Re: [Xmldatadumps-l] [Wiki-research-l] Wikipedia dumps downloader

29 Jun 2011

emijrp wrote:
...
  I didn't mean security problems. I meant just
deleted files by weird
 terms of service. Commons hosts a lot of images which can be
 problematic, like nudes or copyrighted materials in some jurisdictions.
 They can deleted what they want and close every account they want, and
 we will lost the backups. Period. 
Good point.

...
  And we don't only need to keep a copy of every
file. We need several
 copies everywhere, not only in the Amazon coolcloud. 
Sure. Relying *just* on Amazon would be very bad.

...
      Wikimedia Foundation has provided image dumps
several times in the
     past, and also rsync3 access to some individuals so that they could
     clone it.

 Ah, OK, that is enough (?). Then, you are OK with old-and-broken XML
 dumps, because people can slurp all the pages using an API scrapper. 
If all people that wants it can get it, then it's enough.

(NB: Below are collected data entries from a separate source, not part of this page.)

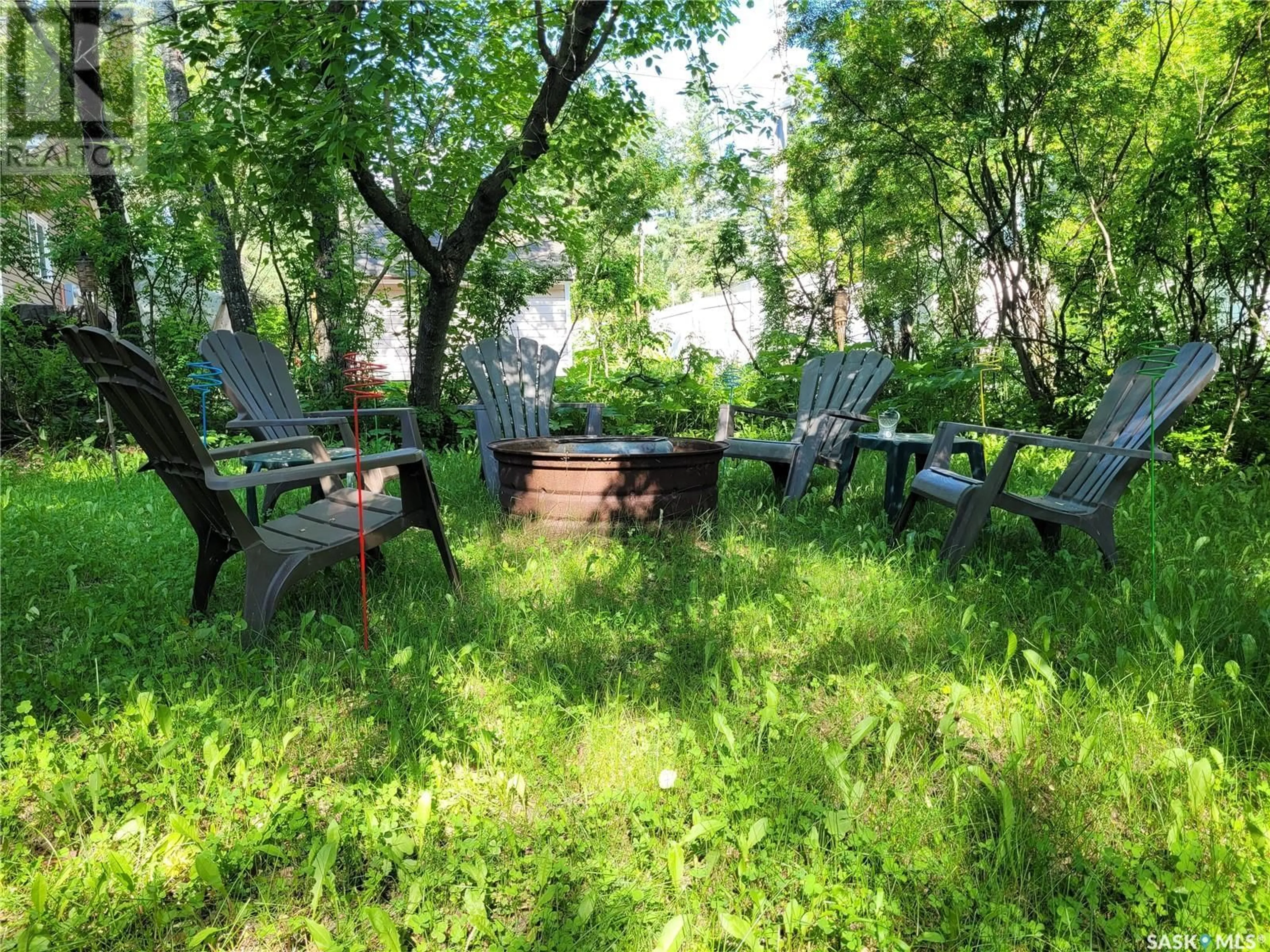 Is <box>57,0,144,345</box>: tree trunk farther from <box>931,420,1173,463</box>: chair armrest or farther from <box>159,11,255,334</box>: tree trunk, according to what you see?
<box>931,420,1173,463</box>: chair armrest

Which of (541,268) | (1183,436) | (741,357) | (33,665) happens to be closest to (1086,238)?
(1183,436)

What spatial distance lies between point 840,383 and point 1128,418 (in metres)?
1.98

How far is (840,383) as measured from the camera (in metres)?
4.79

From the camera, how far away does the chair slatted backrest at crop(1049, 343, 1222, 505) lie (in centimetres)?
265

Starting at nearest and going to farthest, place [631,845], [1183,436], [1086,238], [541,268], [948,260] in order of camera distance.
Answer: [631,845], [1183,436], [1086,238], [541,268], [948,260]

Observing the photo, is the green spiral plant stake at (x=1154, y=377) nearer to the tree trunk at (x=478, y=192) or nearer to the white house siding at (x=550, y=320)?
the tree trunk at (x=478, y=192)

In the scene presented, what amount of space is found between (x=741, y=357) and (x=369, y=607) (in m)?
13.8

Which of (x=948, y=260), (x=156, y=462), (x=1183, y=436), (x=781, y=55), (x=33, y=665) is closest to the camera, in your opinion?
(x=33, y=665)

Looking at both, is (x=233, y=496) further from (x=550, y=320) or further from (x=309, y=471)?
(x=550, y=320)

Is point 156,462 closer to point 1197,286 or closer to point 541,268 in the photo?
point 541,268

Not so much in 
a timely manner, though, but that could be fixed. I'm quite confident 
that if rediris rang me tomorrow offering 20Tb for hosting commosns 
image dumps, that could be managed without too much problems.

...
      It's like the enwiki history dump. An image
dump is complex, and
     even less useful.

 It is not complex, just resources consuming. If they need to buy another
 10 TB of space and more CPU, they can. $16M were donated last year. They
 just need to put resources in relevant stuff. WMF always says "we host
 the 5th website in the world", I say that they need to act like that.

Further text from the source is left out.